A fortnight ago I was invited on to Google’s latest release of Gmail, called Inbox.

I’ve used several incarnations of Google’s mail experiments. In 2009 I was on the Google Wave beta programme and thought it was brilliant for project teams – it combined chat with email. How many times have you inserted your comments into someone’s email in a different colour, then someone else has inserted their comments in a different colour, only for another person to reply to an older email with their comments? Wave solved this problem perfectly. The problem was that everyone else needed to be using Wave too. Email at the time (and still is today) too entrenched to require all users to move to a different system, and Wave was terminated only a few months after public release.

Google Inbox is different though – it uses standard email, and to all purposes, it is email. But it turns all emails into tasks. Once you open an email, you either “Flag it” as done, and it disappears, or you set a snooze timer to remind you to act on it later. Items which have been snoozed and passed their time are then prioritised at the top of the Inbox – and you can re-snooze them.

For me, the system is perfect. It’s pretty much exactly how I run my Outlook Inbox already.

Google also make a point of automatically grouping emails – so your purchases appear together, travel emails appear together and so on. Google also bunches Low Priority items – presumably based on whether you usually open them, or they are mild-Spam as I like to call them – those newsletters which you open occasionally but don’t quite want to unsubscribe from.

I’ve replaced my Gmail mobile app with the Inbox app, and exclusively use Inbox now. I saw my wife using Gmail recently and it already looks dated and too simple.

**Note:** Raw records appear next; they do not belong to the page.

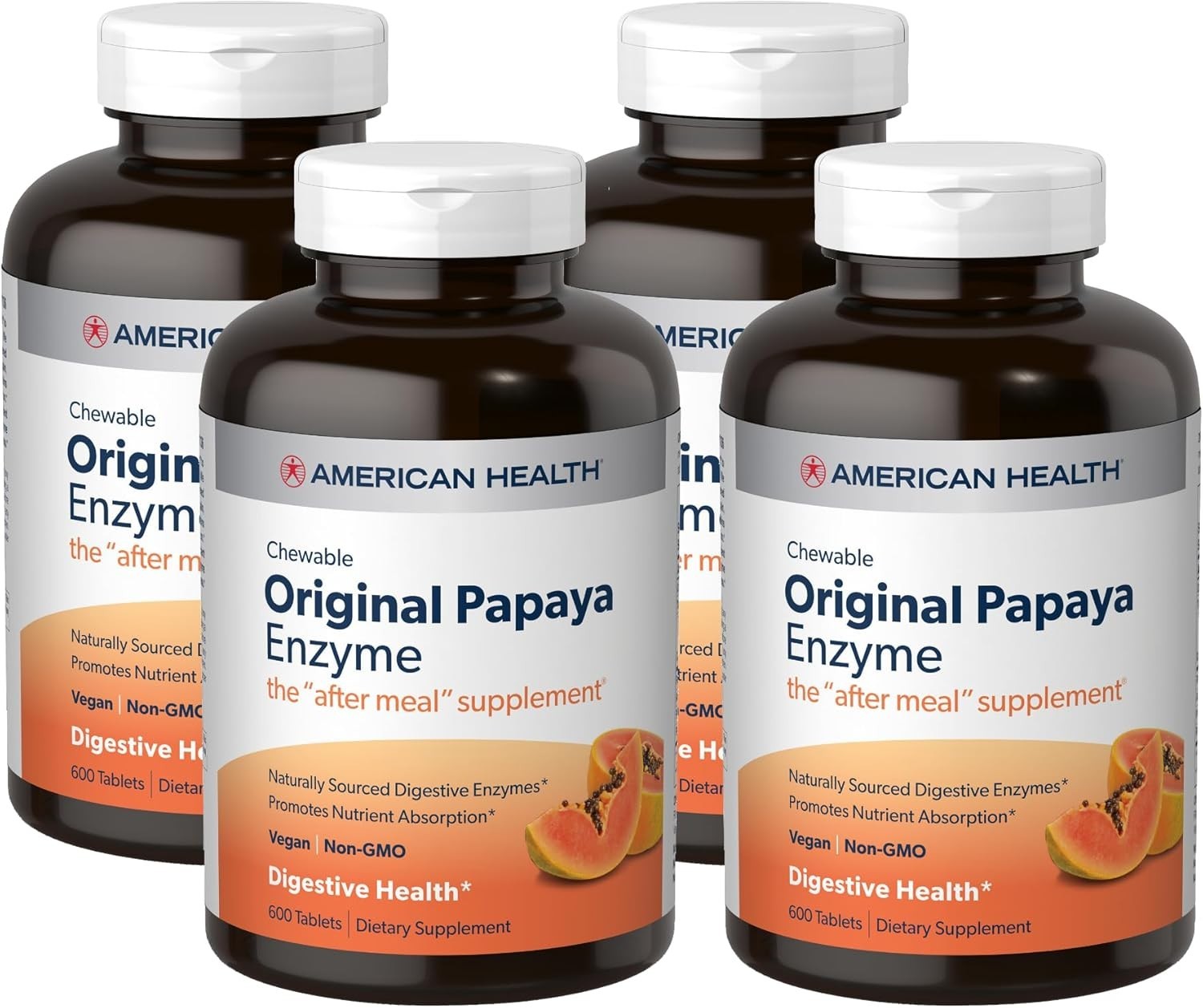 American Health Chewable Original Papaya Enzyme 600 Tabs Each (Pack of 4)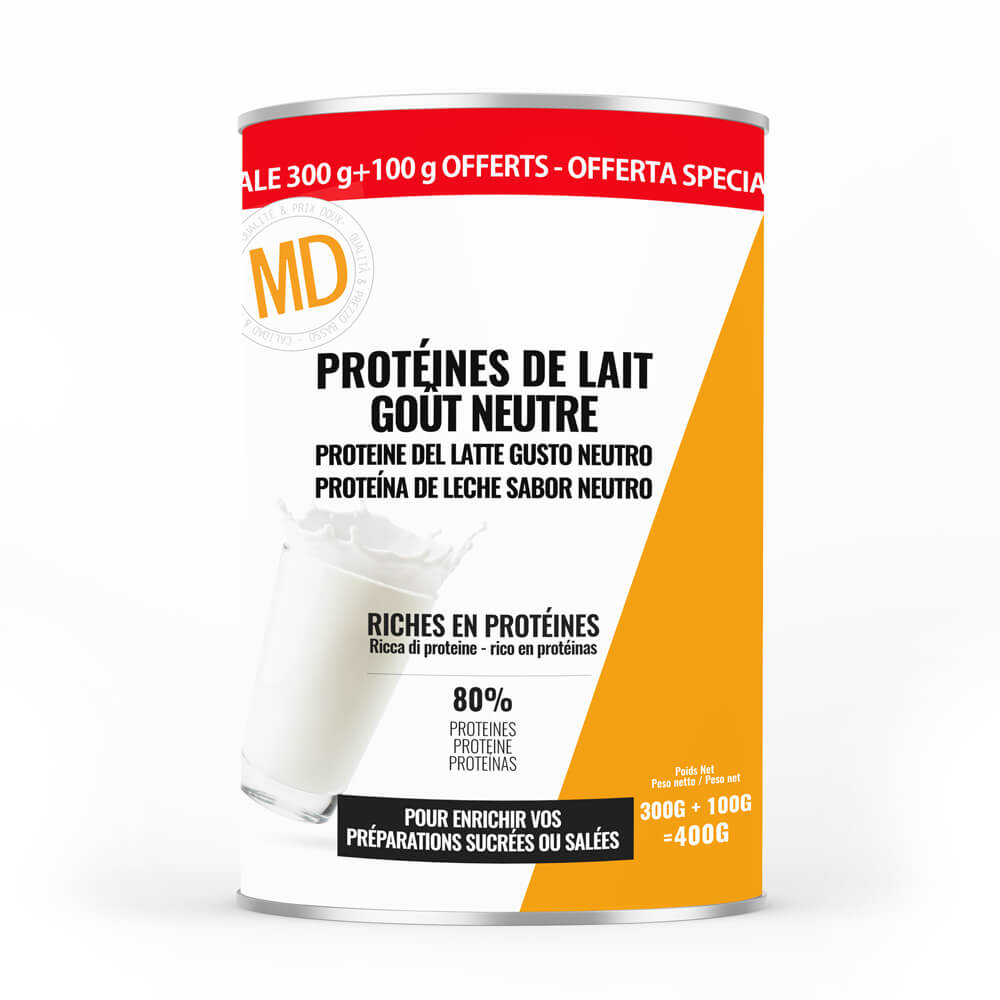 Proteine del latte in polvere gusto neutro - barattolo da 300g + 100g
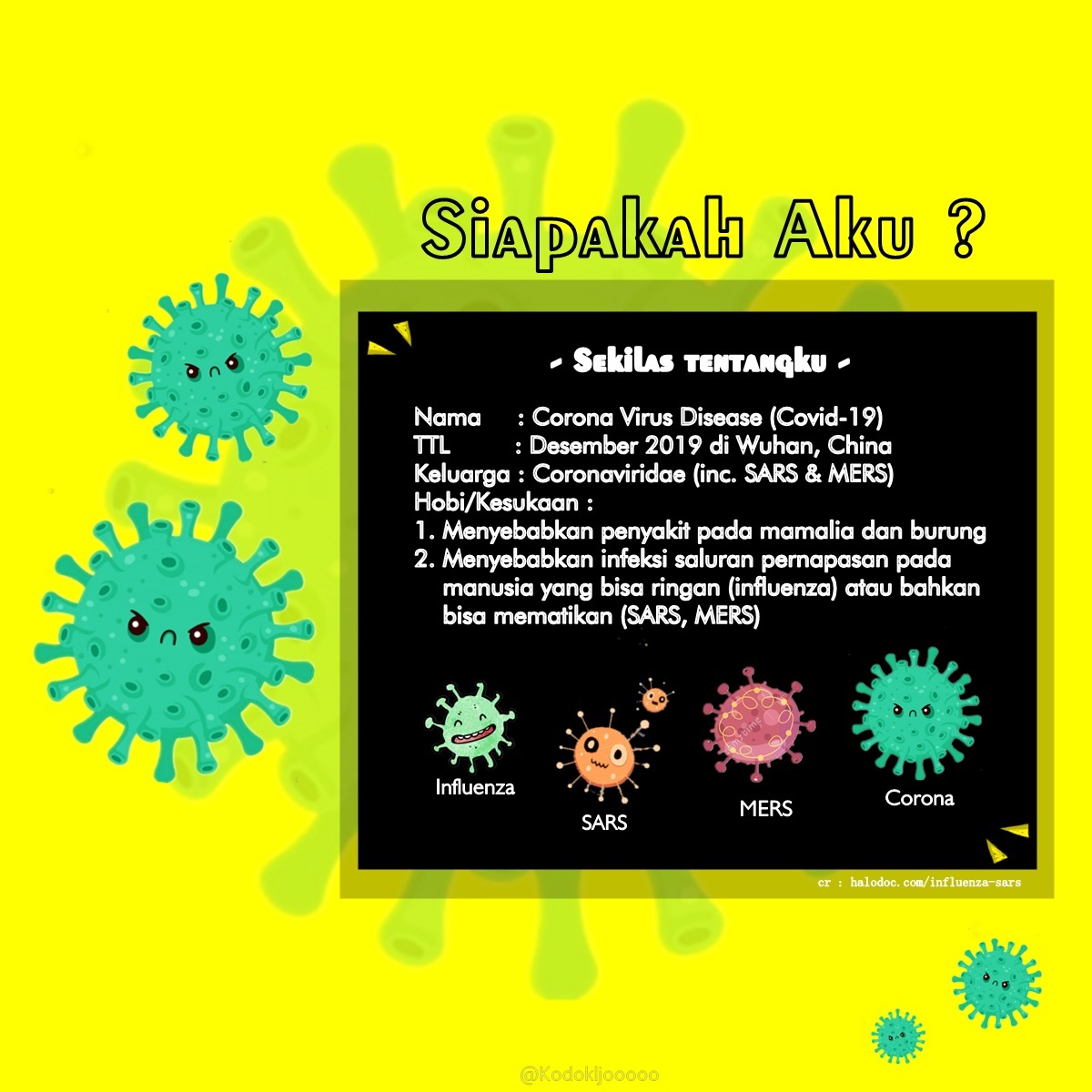 1. Let me introduce my self!Kemunculan virus corona ini dimulai pertama kali pada bulan Desember 2019 di Wuhan, China. Dan berdasarkan pernyataan dari  http://cdc.gov , virus ini diketahui muncul di pasar hewan liar dan makanan laut di Kota Wuhan.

Inbox is still in a trial phase, or invitation only. Google usually keep products in this phase for around six months. If you receive an invitation, I recommend you give it a try.

Google Inbox is also available by invitation to Google Apps for Business customers. This demonstrates a more serious side to Inbox… while many business users are stuck with Outlook, even the very latest version (2013) hasn’t changed for almost three years. The amount of email has risen in the last three years, and users want help dealing with all this extra stuff coming through.

During that time Outlook has stood still, while Google’s cloud applications are evolving – constantly improving features and functionality. Rolling out an updated version of Outlook to an organisation takes some time and cost. Rolling out Inbox to an organisation might increase the number of support calls for a short time, but as soon as those users are using Inbox on their personal account, the support calls will reduce.

And this demonstrates the power of the cloud.